Die Klassenfrage bleibt zentral

01.08.2003

ArbeiterInnenklasse, gesellschaftliche Normalität und radikaler Systemwechsel

Als vor einigen Jahren im Entwurf zu einem neuen Grundsatzprogramm des Deutschen Gewerkschaftsbundes die Behauptung aufgestellt wurde, der Widerspruch zwischen Lohnarbeit und Kapital wäre nicht mehr der entscheidende Gegensatz in der modernen Gesellschaft, blieb der Widerspruch sehr schwach. Ein Teil der gesellschaftlichen Opposition tröstete sich mit "neuen" Analysen: die Linke innerhalb der grünen und ökologisch motivierten Bewegung verteidigte ihre Auffassung, dass "Menschheits"- oder "Gattungsfragen" zum wichtigsten Ausgangspunkt für gesellschaftliche Veränderung geworden wären. Andere, kleinere linke Strömungen theoretisierten einen bereits final fortgeschrittenen Verfaulungsprozess der kapitalistischen Produktionsweise, ein Absterben der "Arbeit" und eine gesellschaftliche Polarisierung an der Frage, ob an diesem System weiter mitgewirkt werden solle. "Post-politische" Verweigerungsbewegung stünde gegen die kollektive Mitmachgemeinschaft aus Kapital, Industriearbeiterschaft, traditioneller Linker und Gewerkschaftsbewegung. Drittens tauchten auch in der globalisierungskritischen Bewegung nicht gerade neue theoretische Ansätze auf: der Widerspruch zwischen Reich und Arm, zwischen Nord und Süd, zwischen "Multitude und Empire" wären Schlüsselfragen, kombiniert mit neuen Erklärungsversuchen, wie die Ausbeutung funktioniere und warum das von Marx formulierte Wertgesetz seine überragende Gültigkeit verloren hätte.

Geradezu mit Leidenschaft wurde die Behauptung von der Entschärfung des Widerspruchs zwischen Lohnarbeit und Kapital von der Sozialdemokratie aufgegriffen und fortgeschrieben. Eine ganze Generation neuer sozialdemokratischer Führer definierte sich über die erneute Auflage einer ”Dritte-Weg-Theorie”. New Labour, die Schröder-SPD und fast alle übrigen europäischen Parteien der Sozialistischen Internationale spürten Aufwind, eine schnöde Rechtsentwicklung und Unterwerfung unter die bürgerliche Politik als modern verkaufen zu können. Ihr kurzfristiger "Erfolg", in fast allen Ländern Europas die Regierung zu stellen oder zu führen, ist schon wieder verrauscht. Mehr als eine traurige Episode der unendlichen Geschichte sozialdemokratischer Unterwerfung unter das Diktat der Konzerne und Militärstrategen der Bourgeoisie ist es nicht geworden. Aber es hat aus deutscher Sicht immerhin dazu geführt, dass ein großer Teil der Grünen, der Gewerkschaftsbewegung und aktuell auch der PDS wieder brav in den von der SPD getrampelten Pfaden stapft. Nimmt man dazu die historisch gesehen verbrecherische Großtat der SPD, dem deutschen Imperialismus die Tür zu neuer ungebremster Großmachtpolitik und militärischen Welteinsätzen geöffnet zu haben, so scheint diese Episode sozialdemokratischer Politik aus der Sicht der Herrschenden glänzend abgeschlossen zu sein.

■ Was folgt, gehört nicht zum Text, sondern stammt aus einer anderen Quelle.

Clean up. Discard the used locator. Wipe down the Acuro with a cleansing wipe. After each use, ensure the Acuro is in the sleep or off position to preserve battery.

Für die isl ist der Widerspruch zwischen Lohnarbeit und Kapital nach wie vor die entscheidende Frage über die Zukunft der Menschheit – was nicht bedeutet, dass es der einzige Widerspruch sei, der unsere Gesellschaften durchzieht. Seine Bedeutung nimmt nicht ab, sondern kontinuierlich zu. Sämtliche gesellschaftlichen Probleme sind nur richtig einzuordnen und zu lösen, wenn sie im Kontext dieses Widerspruchs gesehen werden. Wenn beispielsweise ein Konzern wie Siemens heute weltweit 480 000 Lohnabhängige und die davon abhängigen Familien sowie zahllose Zulieferer in 190 Ländern ausbeutet oder wenn der Vorstandsvorsitzende von Nestlé sich damit brüstet, sein Konzern hätte unmittelbaren Einfluss auf den Geschmack (!) von 2 Milliarden Menschen, wird deutlich, dass Produktion und Konsumtion auf dem gesamten Globus überwiegend unter der Herrschaft des Kapitals ablaufen und die Menschen mit ihrer persönlichen und kollektiven, sexuellen, politischen und kulturellen Bewegungssehnsucht davon bestimmt werden.

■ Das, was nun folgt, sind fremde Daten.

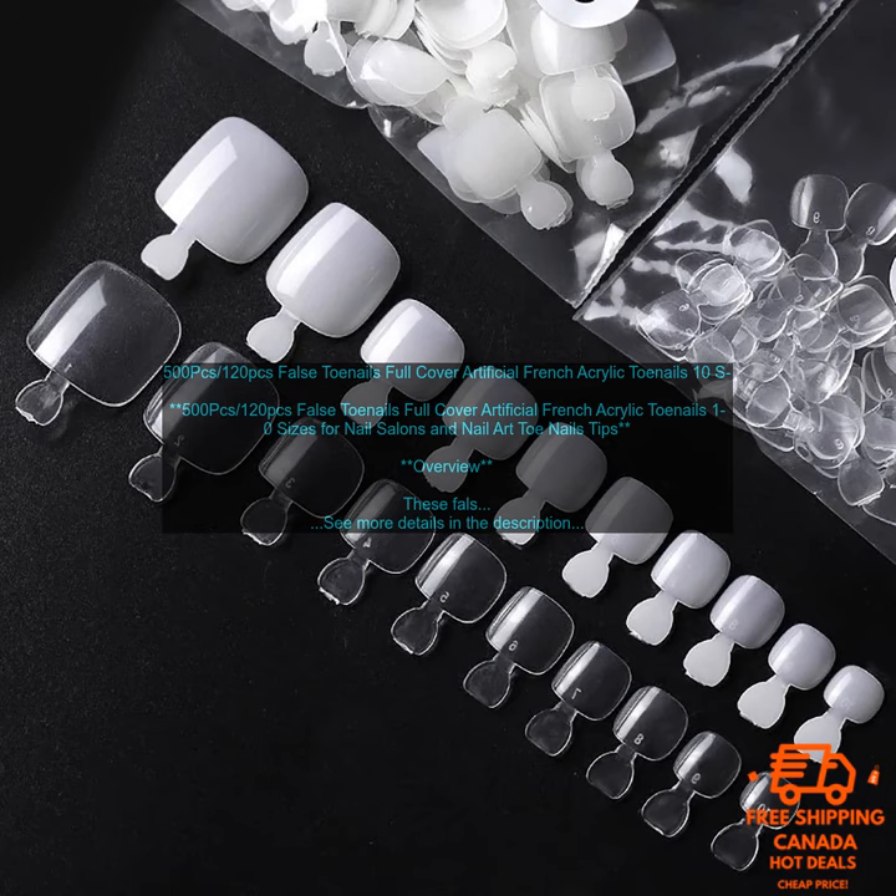Drawbacks. Some users may find the nails to be a bit thick. The nails may not be as realistic as some other brands.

Die Lohnarbeit nimmt nicht ab, und die "Arbeit" stirbt nicht ab. Die absolute Zahl der Menschen, die ihre Existenz nur durch den Verkauf ihrer Arbeitskraft sichern können, wächst kontinuierlich. Das gilt unabhängig von der konkreten Form der Lohnabhängigkeit: ob Fabrikarbeit, Verwaltungs- oder Dienstleistungsarbeit in Büros, Landarbeit, Tagelöhnerei, Scheinselbständigkeit (Ich-AGs) oder zeitweise Erwerbslosigkeit. Heute ist bereits die Mehrheit der Weltbevölkerung ganz oder teilweise direkt lohnabhängig.

Nur scheinbar im Widerspruch dazu steht die Tatsache, dass gleichzeitig die Erwerbslosigkeit zunimmt. Aber auch Menschen, die aus dem Erwerbsleben ausgegrenzt sind, sind immer noch Teil der lohnabhängigen Klasse: nämlich dazu verdammt, ihre Arbeitskraft zu verkaufen, um leben zu können. Die Tendenz, die man in Gewerkschaften wie auch in der Erwerbslosenbewegung antrifft, Erwerbslose nicht mehr als Teil der Arbeiterklasse zu begreifen, ist falsch und vertieft die Spaltung zwischen Erwerbstätigen und Erwerbslosen, die die Gewerkschaften seit Beginn der Wirtschaftskrise in den 70er Jahren so massiv geschwächt hat.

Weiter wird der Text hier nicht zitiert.